Respecto del nivel actual de inversión, está en un punto tan bajo (en torno al 9% anual) que no alcanza a cubrir el mantenimiento del stock de bienes de la sociedad. El país está en un proceso de descapitalización. Gráficamente, las fábricas sin renovación de maquinarias entran en obsolescencia; los edificios y las rutas, aunque resulte imperceptible, se deterioran ya que lo que se destina a mantenimiento no cubre el desgaste por el uso. Para la conservación de los bienes públicos y privados de una sociedad se requiere una tasa de inversión del 15 o 16%. Pero más importante aún: para crecer y reducir la pobreza el país precisaría tasas de inversión mucho más altas. Algo totalmente inviable con este grado de presión impositiva. El nudo gordiano de este proceso de decadencia y su profundización pasan por el sistema tributario confiscatorio argentino. Los gobernantes (de toda época y color) suponen que la Argentina es como una naranja que se puede exprimir y exprimir y de la que siempre va a salir jugo. Eso determinó la estampida de empresarios e inversores, la salida de empresas multinacionales, el bajo nivel de inversión, y derivado de esto, la fuga de talentos y el aumento de la pobreza. Es la acumulación de impuestos lo que expulsa a los grandes contribuyentes e impide la inversión que generaría empleo y reduciría la pobreza. Con menos tributantes, es previsible una caída en la recaudación, y por ende, menos recursos para sostener las expensas del sector público y el gasto en asistencialismo del Estado, con lo cual –y para desgracia de los que optamos por quedarnos en el país– todo apunta a que subirán aún más los impuestos, como ya se está percibiendo en las iniciativas que proliferan en Nación, provincias y municipios, incluida la Capital.

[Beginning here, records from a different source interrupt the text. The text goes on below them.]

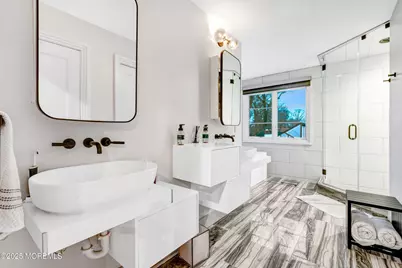 450 Wells Avenue, Oakhurst, NJ 07755 - Photo 28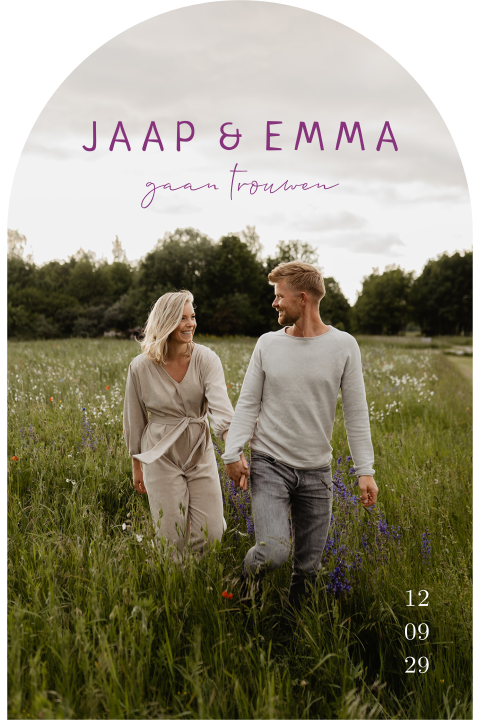 Trouwkaart met zomerse foto half rond met paars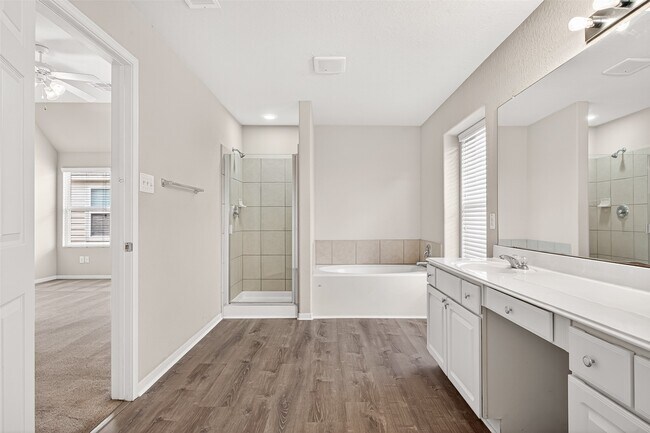 Building Photo - 3031 View Valley Trail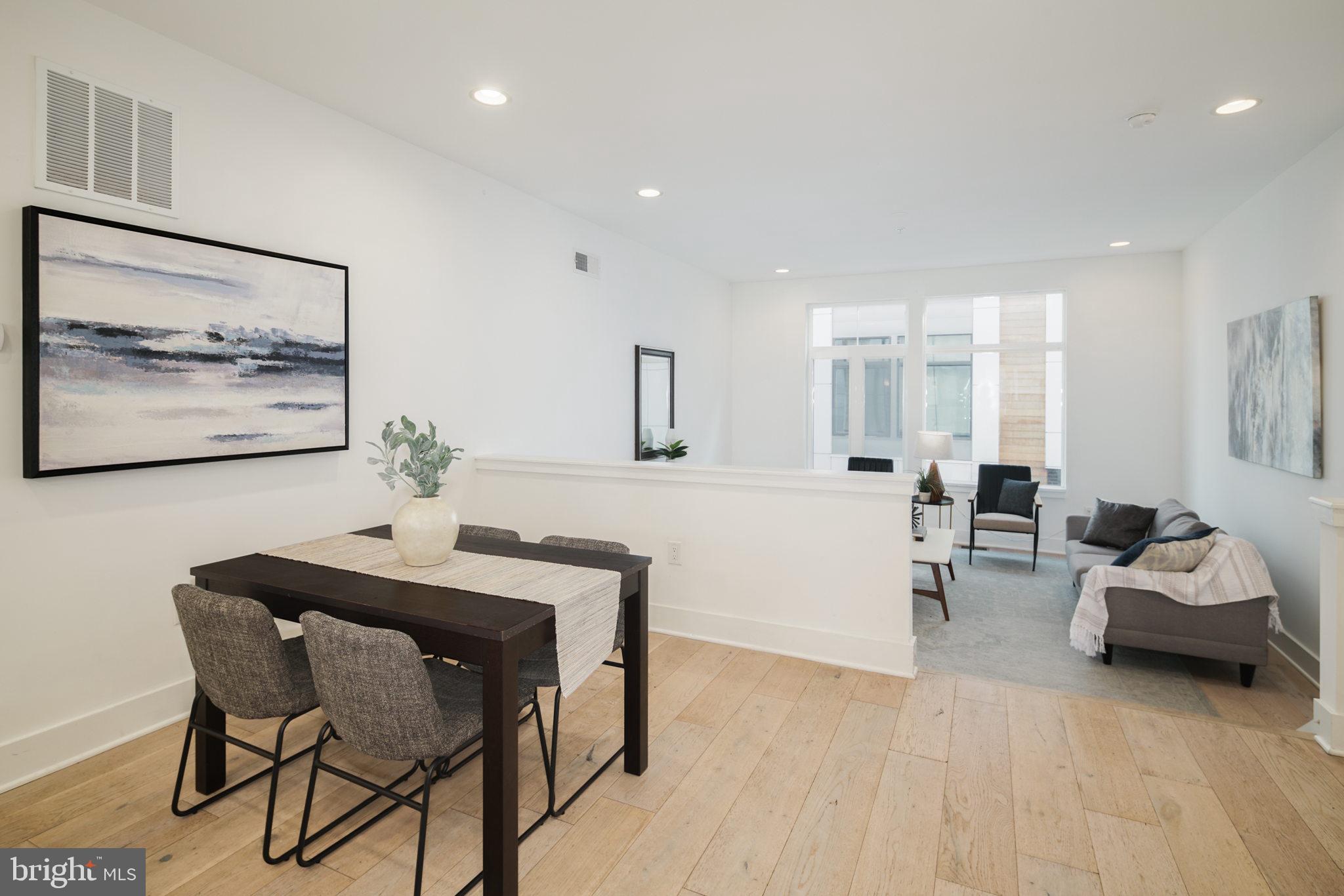 702 N FRONT STREET 12 2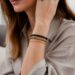 Armbanden om de pols met verschillende materialen en texturen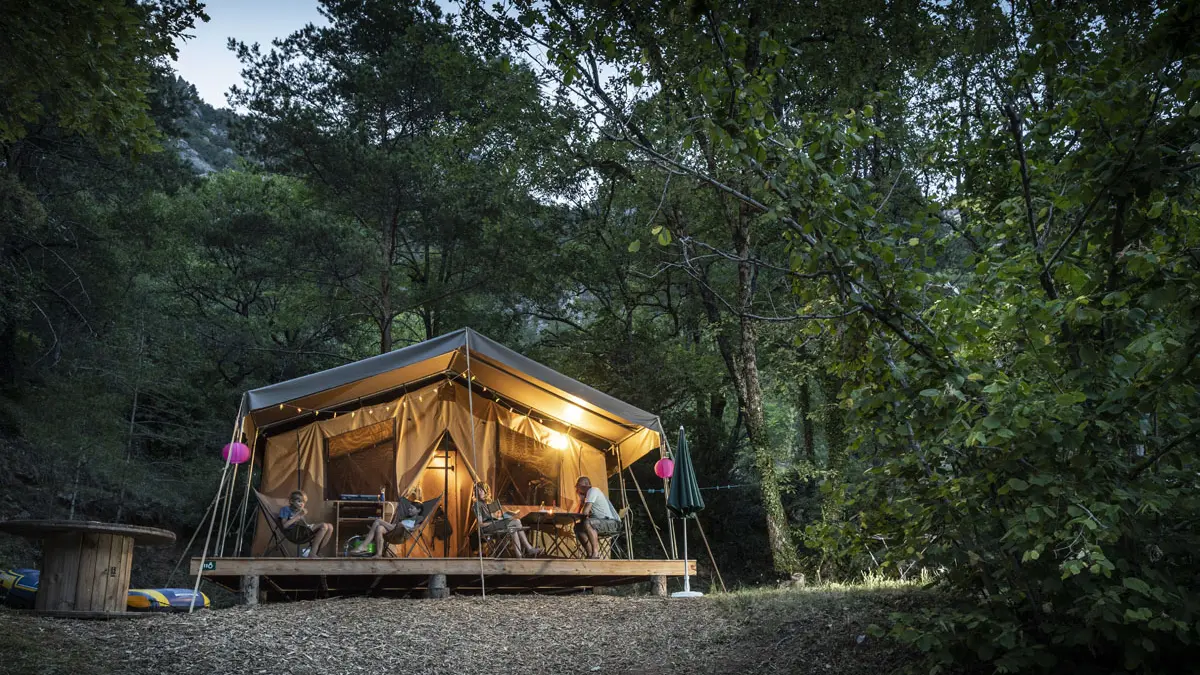 Hébergement : Tente toile & bois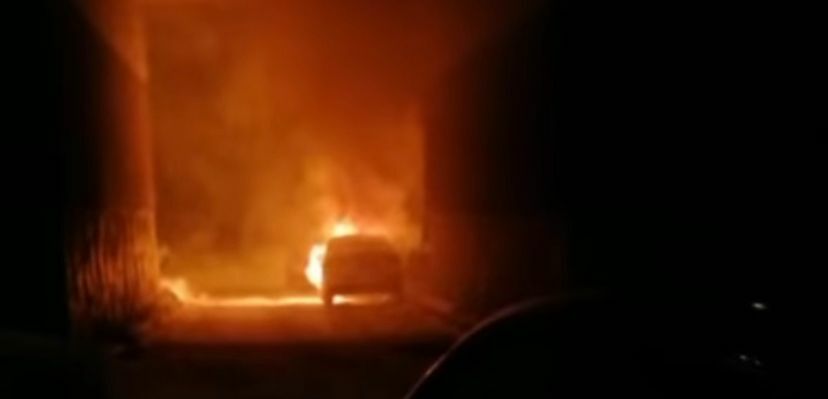 В Набережных Челнах ночью загорелась машина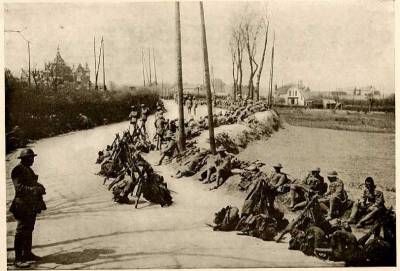 Uma companhia do C.E.P. para a sua marcha por dez minutos quando regressa da sua primeira ida à frente de batalha e às trincheiras.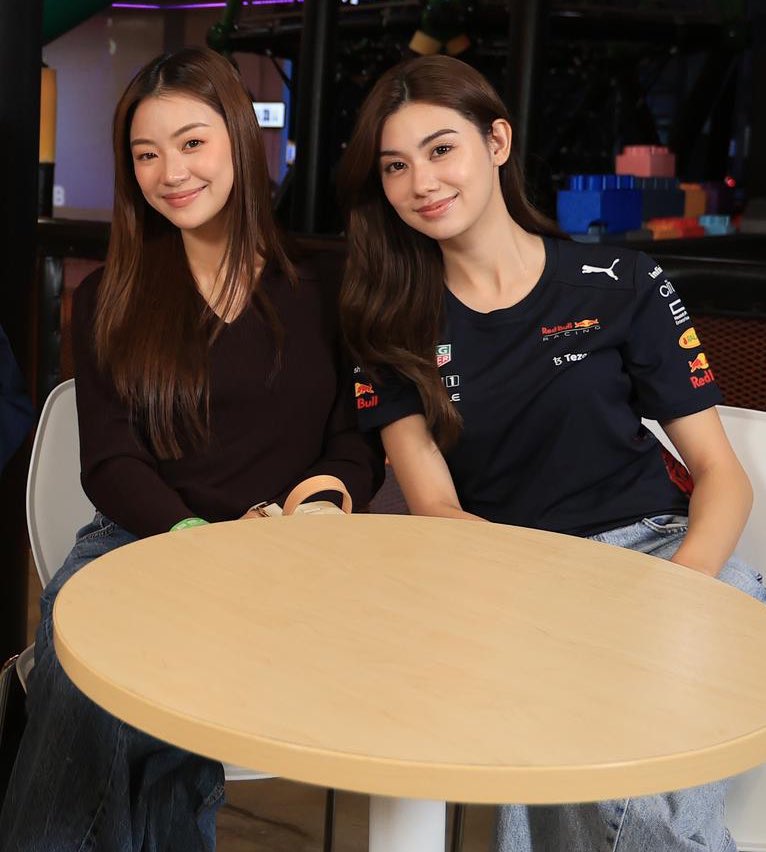 Nomannaw's tweet image. พี่ฝรั่งกับเสื้อRedbull F1และแฟนสาวของเค้า โคตรจะเหมาะสม เมะเคะที่ถูกต้องตามตำราทุกอย่าง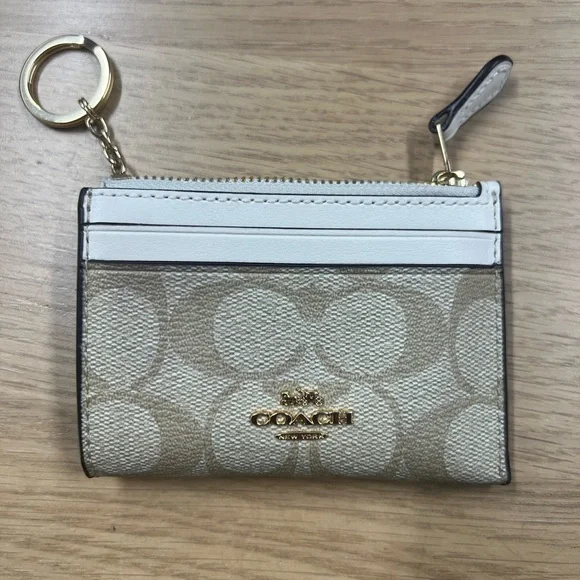 COACH Mini Skinny ID Case - Signature Canvas - Picture 4 of 7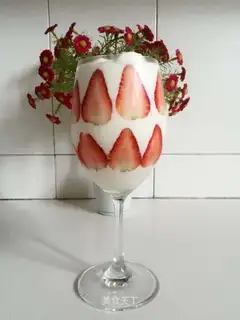 Strawberry yogurt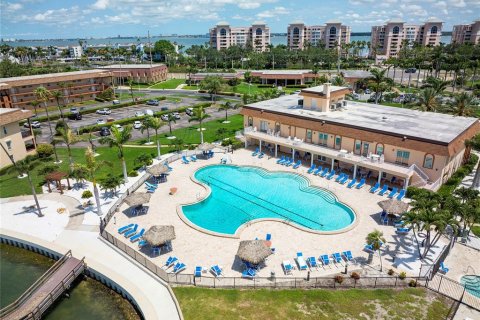 Condo in Saint Petersburg, Florida, 2 bedrooms  № 1772123 - photo 30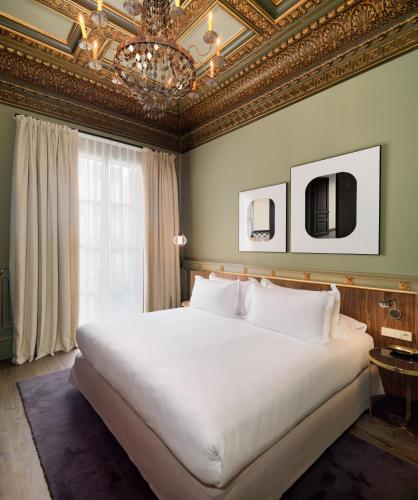 Una cama o camas en una habitación de H10 Casa Mimosa 4* Sup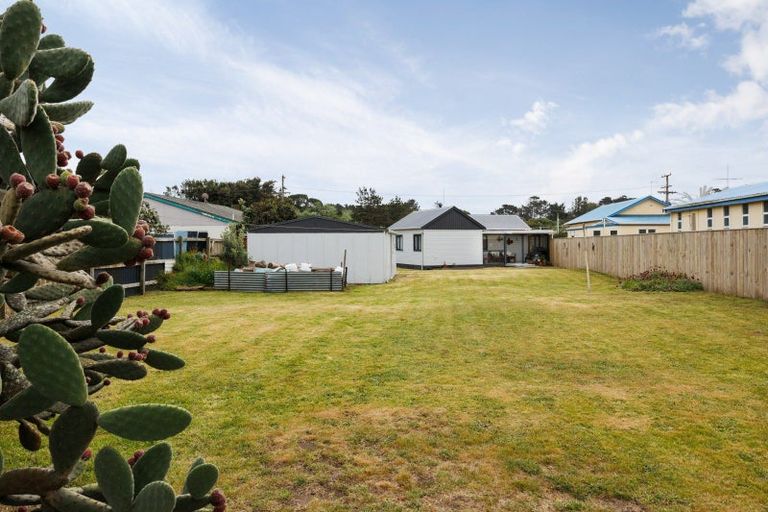 Photo of property in 31 Koputara Road, Himatangi Beach, Foxton, 4891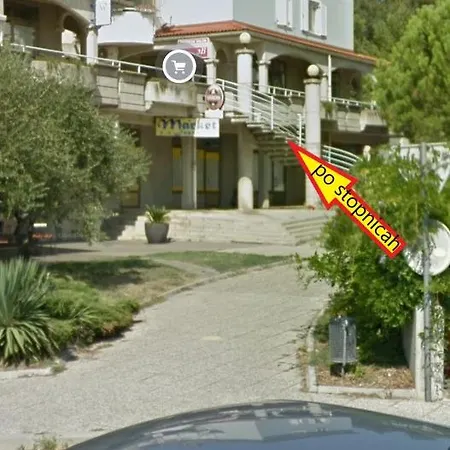 Apartma Ivy *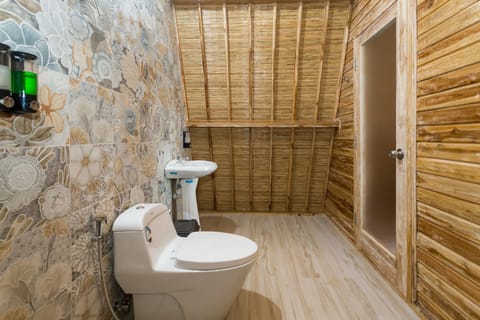 Romantic Studio Suite, Sea View | Bathroom | Shower, bidet, towels, soap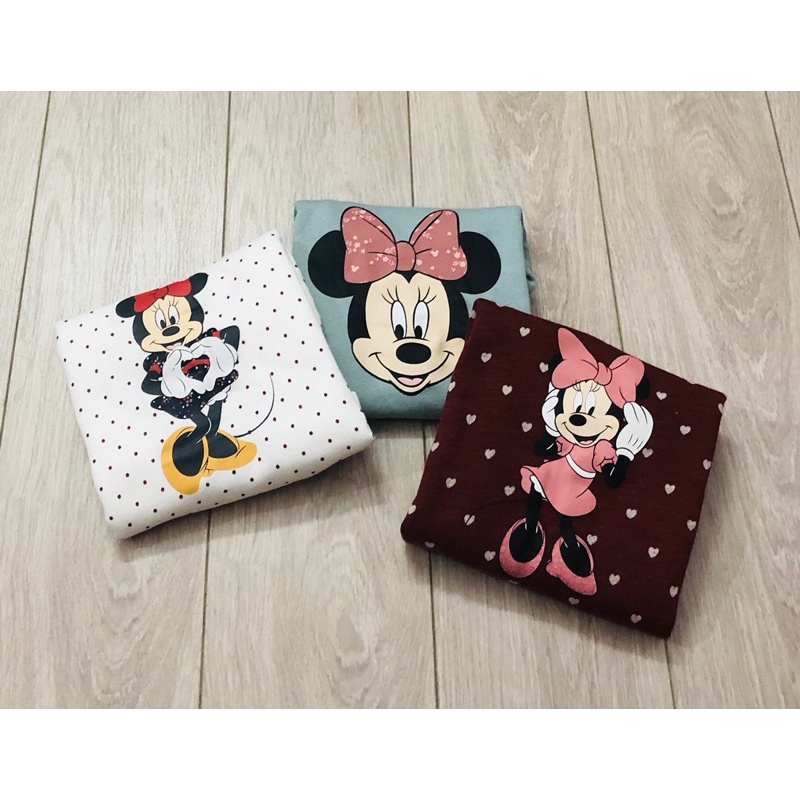 Áo nỉ hoạ tiết Micky cho bé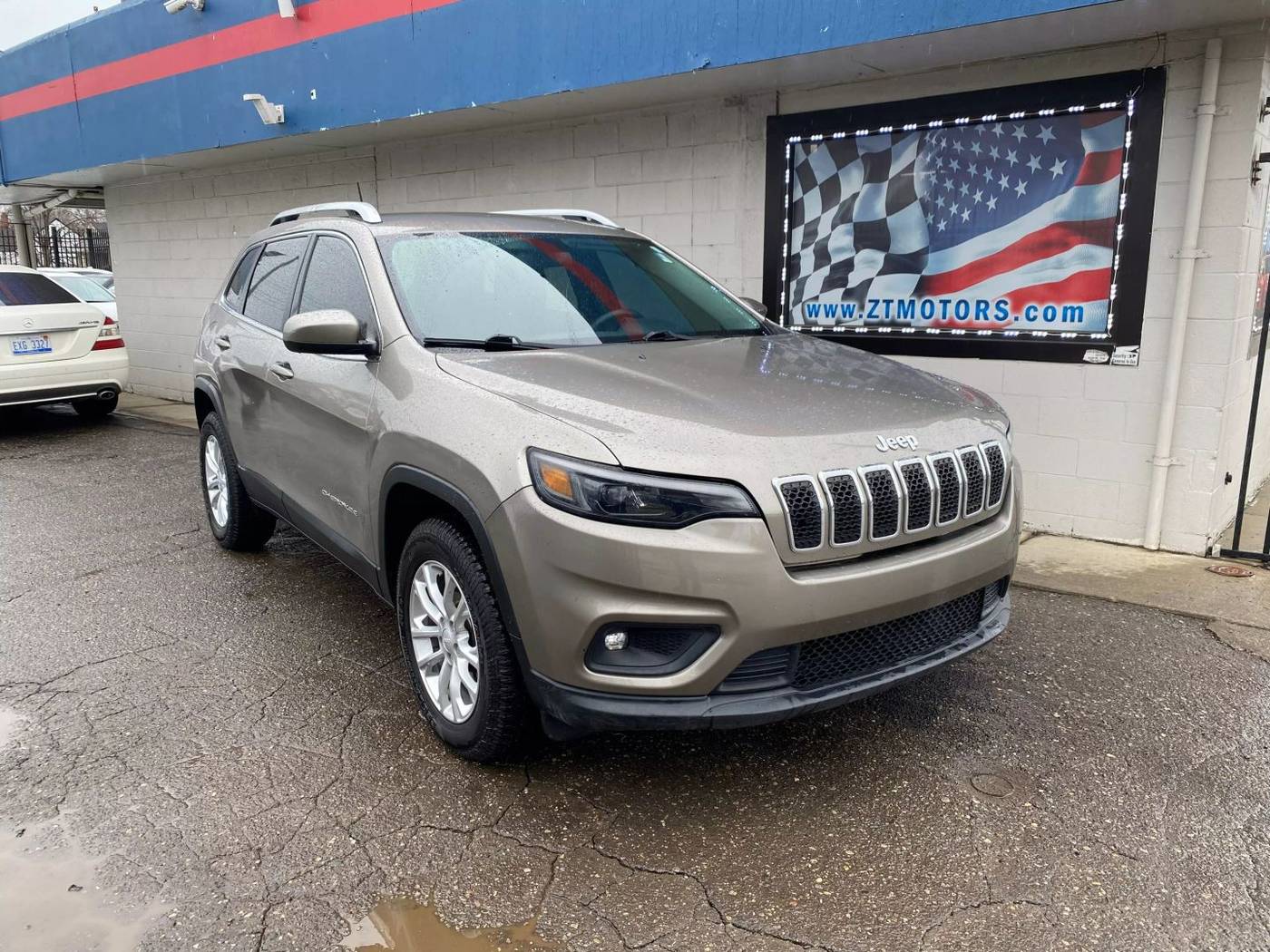 2019 Jeep Cherokee Latitude — SUV — 82,880 mi — Detroit, MI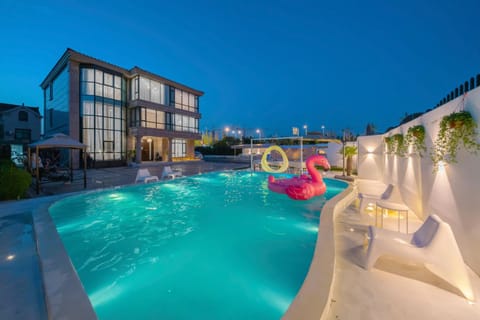 Property building, Swimming pool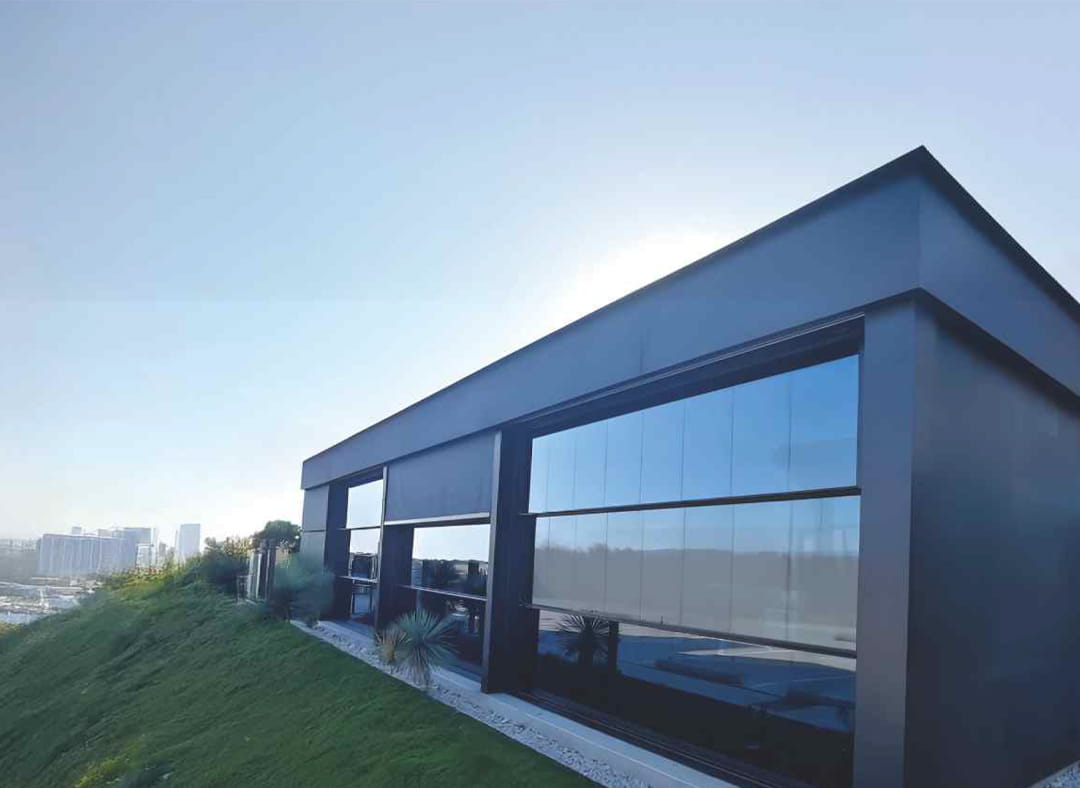 automatic-vertilux-movable-glass-dubai1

Sin embargo y a pesar de la poca ilusión que pueda desprenderse de la mentalidad dispendiosa y tributarista que viene exhibiendo la dirigencia política, si uno mirara al país desde una perspectiva más alta e hiciera abstracción de los enredos en que estamos, la Argentina sigue contando con elementos tremendamente favorables para encarar el mundo nuevo que se viene tras la pandemia: agua potable en abundancia, recursos naturales de todo tipo, en torno a 300.000 millones de dólares atesorados por particulares (en contraste con la indigencia del Estado) y todavía tanta gente talentosa y con aspiración a progresar socialmente que dan motivos a no perder la esperanza. Se trata en el fondo de una dificultad de administración. El Estado es el problema, pero solo desde él puede salir la solución.